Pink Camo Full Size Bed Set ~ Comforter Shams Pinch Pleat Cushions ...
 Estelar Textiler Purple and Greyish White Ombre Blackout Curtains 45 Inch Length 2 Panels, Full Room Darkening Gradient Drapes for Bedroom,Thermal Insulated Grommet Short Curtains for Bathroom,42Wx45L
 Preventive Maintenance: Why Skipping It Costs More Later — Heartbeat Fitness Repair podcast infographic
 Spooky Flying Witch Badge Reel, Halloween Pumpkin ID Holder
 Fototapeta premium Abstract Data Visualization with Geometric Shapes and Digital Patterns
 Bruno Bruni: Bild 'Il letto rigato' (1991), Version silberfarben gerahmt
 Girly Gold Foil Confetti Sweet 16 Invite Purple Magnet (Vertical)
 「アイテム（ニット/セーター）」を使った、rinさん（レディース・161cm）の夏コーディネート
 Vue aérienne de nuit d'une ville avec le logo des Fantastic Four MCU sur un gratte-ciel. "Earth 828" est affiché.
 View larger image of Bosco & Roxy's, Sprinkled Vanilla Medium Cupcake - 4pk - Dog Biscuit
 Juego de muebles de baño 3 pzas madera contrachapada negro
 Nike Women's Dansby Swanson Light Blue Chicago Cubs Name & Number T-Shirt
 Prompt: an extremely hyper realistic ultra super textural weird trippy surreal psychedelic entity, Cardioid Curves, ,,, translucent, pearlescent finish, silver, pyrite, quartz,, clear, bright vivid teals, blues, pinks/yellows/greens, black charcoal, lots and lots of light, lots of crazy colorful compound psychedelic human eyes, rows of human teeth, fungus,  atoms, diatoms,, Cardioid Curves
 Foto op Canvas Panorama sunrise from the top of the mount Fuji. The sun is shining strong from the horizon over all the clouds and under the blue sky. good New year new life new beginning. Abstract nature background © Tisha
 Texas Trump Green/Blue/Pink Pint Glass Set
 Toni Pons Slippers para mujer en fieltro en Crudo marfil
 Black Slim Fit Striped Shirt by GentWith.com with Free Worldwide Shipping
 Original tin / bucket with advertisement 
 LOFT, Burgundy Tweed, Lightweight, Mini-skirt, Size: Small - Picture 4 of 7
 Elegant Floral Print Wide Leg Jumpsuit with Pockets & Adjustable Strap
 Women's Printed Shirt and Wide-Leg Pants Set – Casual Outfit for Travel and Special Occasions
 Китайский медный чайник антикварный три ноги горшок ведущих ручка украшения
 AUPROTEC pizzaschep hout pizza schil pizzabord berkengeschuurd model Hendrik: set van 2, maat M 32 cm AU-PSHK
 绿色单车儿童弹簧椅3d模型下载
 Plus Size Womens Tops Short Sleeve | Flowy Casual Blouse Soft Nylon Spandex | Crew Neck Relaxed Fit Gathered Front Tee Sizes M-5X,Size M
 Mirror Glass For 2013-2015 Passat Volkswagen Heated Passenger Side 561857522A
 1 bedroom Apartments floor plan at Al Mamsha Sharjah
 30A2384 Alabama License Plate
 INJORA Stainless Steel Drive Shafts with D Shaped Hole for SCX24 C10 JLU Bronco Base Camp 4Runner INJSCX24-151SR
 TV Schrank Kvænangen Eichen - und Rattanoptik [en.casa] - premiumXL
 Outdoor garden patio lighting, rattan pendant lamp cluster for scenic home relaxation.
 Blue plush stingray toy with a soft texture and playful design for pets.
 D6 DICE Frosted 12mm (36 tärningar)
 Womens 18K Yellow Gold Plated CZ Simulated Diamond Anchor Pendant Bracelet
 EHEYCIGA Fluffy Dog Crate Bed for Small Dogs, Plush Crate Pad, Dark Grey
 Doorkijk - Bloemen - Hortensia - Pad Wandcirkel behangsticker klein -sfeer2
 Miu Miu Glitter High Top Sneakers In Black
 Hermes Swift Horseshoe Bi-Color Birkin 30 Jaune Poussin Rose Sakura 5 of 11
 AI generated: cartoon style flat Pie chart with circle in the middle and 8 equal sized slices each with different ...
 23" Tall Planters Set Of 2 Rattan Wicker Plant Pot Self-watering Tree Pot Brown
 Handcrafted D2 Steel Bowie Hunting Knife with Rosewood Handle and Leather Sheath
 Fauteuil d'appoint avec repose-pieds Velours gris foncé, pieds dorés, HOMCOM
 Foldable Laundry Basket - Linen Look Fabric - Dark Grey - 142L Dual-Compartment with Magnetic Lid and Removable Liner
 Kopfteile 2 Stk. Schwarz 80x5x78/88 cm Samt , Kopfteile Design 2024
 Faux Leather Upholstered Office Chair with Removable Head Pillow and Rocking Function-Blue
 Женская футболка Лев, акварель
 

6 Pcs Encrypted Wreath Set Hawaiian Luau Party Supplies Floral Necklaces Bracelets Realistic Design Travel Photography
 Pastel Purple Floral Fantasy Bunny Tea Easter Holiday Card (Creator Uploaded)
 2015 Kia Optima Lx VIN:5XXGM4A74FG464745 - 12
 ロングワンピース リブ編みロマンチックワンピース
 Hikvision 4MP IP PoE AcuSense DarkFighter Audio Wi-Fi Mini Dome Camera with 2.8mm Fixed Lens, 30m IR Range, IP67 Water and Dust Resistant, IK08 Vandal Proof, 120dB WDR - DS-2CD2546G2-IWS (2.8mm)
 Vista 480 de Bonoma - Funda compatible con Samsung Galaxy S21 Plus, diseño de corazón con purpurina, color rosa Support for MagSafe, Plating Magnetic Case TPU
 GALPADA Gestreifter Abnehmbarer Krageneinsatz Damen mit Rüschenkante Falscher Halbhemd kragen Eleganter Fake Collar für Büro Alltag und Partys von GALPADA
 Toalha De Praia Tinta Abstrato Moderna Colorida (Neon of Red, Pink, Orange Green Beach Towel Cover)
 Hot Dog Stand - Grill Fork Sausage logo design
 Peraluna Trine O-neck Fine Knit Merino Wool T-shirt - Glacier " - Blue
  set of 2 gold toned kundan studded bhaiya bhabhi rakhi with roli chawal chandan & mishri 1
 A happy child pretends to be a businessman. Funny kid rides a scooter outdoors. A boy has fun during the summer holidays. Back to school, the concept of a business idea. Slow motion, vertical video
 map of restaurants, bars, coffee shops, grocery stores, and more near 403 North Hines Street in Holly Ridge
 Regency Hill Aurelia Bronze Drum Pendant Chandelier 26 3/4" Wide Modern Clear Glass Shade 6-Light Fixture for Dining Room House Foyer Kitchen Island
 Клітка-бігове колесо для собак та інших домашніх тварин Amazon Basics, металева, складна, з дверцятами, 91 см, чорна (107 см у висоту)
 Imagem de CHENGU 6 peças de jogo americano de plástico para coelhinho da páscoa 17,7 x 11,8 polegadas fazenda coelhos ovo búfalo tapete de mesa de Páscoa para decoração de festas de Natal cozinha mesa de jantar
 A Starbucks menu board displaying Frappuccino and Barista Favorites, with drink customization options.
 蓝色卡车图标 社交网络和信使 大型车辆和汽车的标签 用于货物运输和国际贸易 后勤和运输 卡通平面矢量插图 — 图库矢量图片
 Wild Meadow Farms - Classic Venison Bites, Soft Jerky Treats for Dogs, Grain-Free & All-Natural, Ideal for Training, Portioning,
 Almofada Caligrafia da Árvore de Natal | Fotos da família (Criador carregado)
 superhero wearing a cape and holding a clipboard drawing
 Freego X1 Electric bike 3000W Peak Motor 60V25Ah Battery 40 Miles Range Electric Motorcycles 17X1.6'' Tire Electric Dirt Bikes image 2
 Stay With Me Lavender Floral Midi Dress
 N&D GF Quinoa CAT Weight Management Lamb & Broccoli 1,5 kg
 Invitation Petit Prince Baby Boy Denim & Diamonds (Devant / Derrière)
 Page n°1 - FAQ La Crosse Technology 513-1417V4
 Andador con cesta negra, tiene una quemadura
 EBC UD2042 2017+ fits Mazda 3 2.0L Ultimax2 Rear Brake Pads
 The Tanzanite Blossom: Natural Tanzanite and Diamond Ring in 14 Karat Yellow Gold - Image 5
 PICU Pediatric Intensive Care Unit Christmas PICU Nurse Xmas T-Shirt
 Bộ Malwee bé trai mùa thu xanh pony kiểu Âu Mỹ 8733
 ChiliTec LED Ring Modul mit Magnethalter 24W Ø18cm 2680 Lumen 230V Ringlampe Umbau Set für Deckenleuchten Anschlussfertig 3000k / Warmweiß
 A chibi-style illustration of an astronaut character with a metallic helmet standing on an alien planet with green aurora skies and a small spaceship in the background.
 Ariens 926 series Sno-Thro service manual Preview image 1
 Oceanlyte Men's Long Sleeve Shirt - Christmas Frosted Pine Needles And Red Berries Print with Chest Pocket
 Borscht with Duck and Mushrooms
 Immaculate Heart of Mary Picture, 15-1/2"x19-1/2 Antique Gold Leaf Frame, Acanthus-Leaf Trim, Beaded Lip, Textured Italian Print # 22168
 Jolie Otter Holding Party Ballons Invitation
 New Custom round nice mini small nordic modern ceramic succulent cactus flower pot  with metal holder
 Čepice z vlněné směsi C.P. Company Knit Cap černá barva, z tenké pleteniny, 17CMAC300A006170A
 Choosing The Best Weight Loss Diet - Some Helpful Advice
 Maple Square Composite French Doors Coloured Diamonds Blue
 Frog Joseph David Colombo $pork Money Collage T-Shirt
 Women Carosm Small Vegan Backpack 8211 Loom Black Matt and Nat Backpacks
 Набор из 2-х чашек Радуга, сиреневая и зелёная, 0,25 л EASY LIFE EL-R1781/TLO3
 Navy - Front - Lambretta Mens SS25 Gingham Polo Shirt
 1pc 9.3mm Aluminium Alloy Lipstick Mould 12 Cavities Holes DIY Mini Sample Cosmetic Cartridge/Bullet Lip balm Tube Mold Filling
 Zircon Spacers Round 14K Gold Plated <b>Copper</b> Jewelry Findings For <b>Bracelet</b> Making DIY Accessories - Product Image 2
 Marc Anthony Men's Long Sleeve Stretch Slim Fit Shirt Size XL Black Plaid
------------------------------------------------
--- WHAT NEEDS TO BE DONE ---
Please copy out each line in the entries that mentions the string "Removable".

--- ANSWER TO THIS EXERCISE ---
 Foldable Laundry Basket - Linen Look Fabric - Dark Grey - 142L Dual-Compartment with Magnetic Lid and Removable Liner
 Faux Leather Upholstered Office Chair with Removable Head Pillow and Rocking Function-Blue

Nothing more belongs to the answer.